Things I've realized since being sleeved...
Disclaimer: These are strictly my opinions and in know way mean to deter anyone from pursuing VSG.
I was sleeved on October 18, 2011. In addition to my new stomach, I've got new realizations about things and would like to share...
This sleeve thing is MAJOR surgery. I knew that when I was going in, but you dont fully understand the magnitude and seriousness of it until you wake up with that pain in your gutt.
I was not mentally prepared for this surgery. Yes, I had the psych eval. Yes, I researched every possible thing I could think of to make sure I was prepared. I read posts from people who were newly sleeved and complained of pains and troubles during their recovery, but I definitely lived in that "That wont happen to me" world. I figured those people had to be doing something wrong to cause them so much grief. Boy did I get a wake up call after my surgery.
Getting sleeved removed 85% of my stomach. My desire to eat for no reason in massive quantities is still very strong. I wish I could sleeve that part of my brain. I havent stopped wanting to have some steak and fried chicken since my surgery. If only they made lobster flavored ice pops, I might find some of my desire to eat real food quelled.
"Sharting" is no joke. Dont take your gas for granted, it may be more than just air in that bubble.
You will question your decision to get sleeved. You will feel trapped when you realize that there is no turning back. Unlike conventional diets where you can cheat just a little and get back on track; if you try and cheat with a new sleeve, you could kill your self.
There are an awful lot of food commercials on tv. No wonder our country suffers so much from obesity. While in the hospital most of the commercials I saw were about food, cars, and Kim Kardashian's wedding.
Learning to read my new stomach is still kinda hard even after 6 days in. It gets frustrating, and at times it makes me angry. My old stomach would growl, I'd overfeed it, and all would be well. This new stomach is so picky...sometimes what I think is a small sip will piss new stomach off, and new stomach will give me the worst spasm ever. New stomach dont take no s***.
Coughing, sneezing, and laughing are tools of the devil. Boy do they hurt like hell.
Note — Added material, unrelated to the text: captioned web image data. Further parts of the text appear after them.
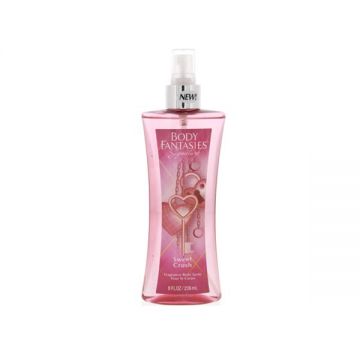 Body Fantasies Body Spray Sweet Crush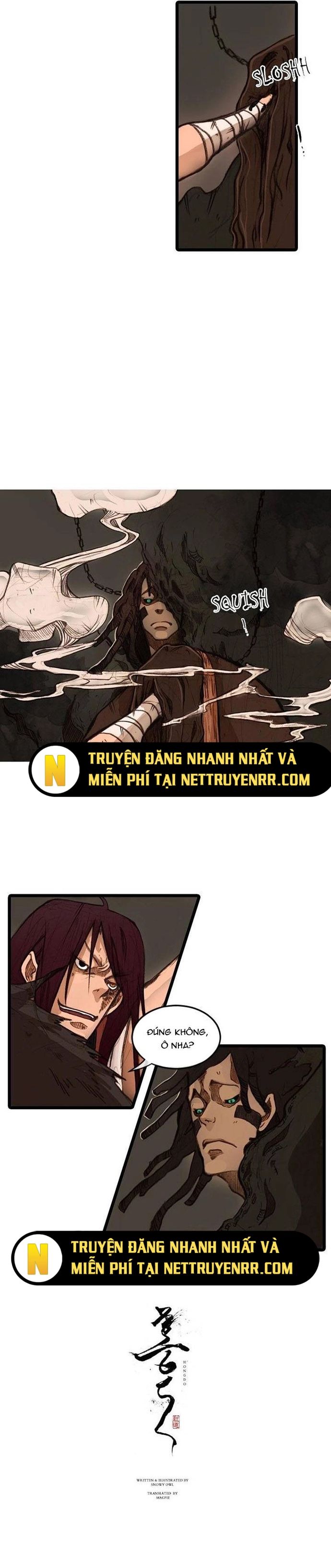 Chú Thuật Đại Đạo Chapter 16 - Trang 2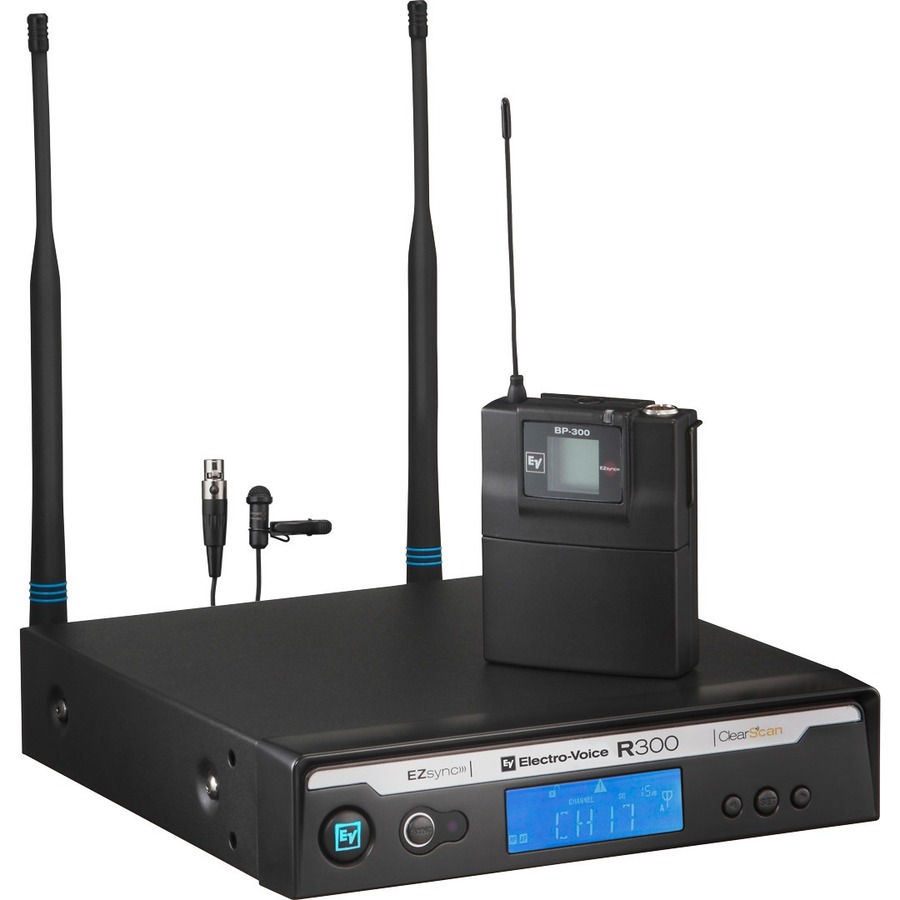 R300 BODYPACK TX IN BOX 516-532MHZ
I thought my couple of days in the hospital would be good for me because I'd be able to get some rest. WRONG! I didnt get more than 4 consecutive hours of sleep at a time because there's always an injection that you need to get, or some kind of medication, or a doctor needs to see your incision sites, or the nurse needs to check your vitals, or they need to deliver your nasty fluids for you to try and ingest, or someone needs to clean your room, or they want you to walk, or you gotta go to the lab and drink that nasty stuff so they can check for leaks, or you gotta go pee, or someone wants to offer you communion, or your roommate's family comes to visit and is loud and smells like cigarette smoke and cabbage and stays until visiting hours are practically over in addition to that hospital bed being hard to get totally comfortable in.
I cant stop thinkin about food and what the first real spoonful of food I'm going to have is.
Someone asked me if I would do this again. I havent had any weight loss yet, so I'm not totally sure. I'll have to revisit this post and answer once I see the difference in a couple of months. I just hope this pain and discomfort and food craziness in my brain is all worth it. I think my biggest problem is that Im throwing a tantrum because i havent had real food in over 2 weeks. I know restriction is the only way i will lose weight, but I really resent not being able to do what I want to do - be in control of what I want to eat and when. For now my sleeve is calling the shots, and that's a harder pill to swallow than the Prilosec the doc prescribed for me.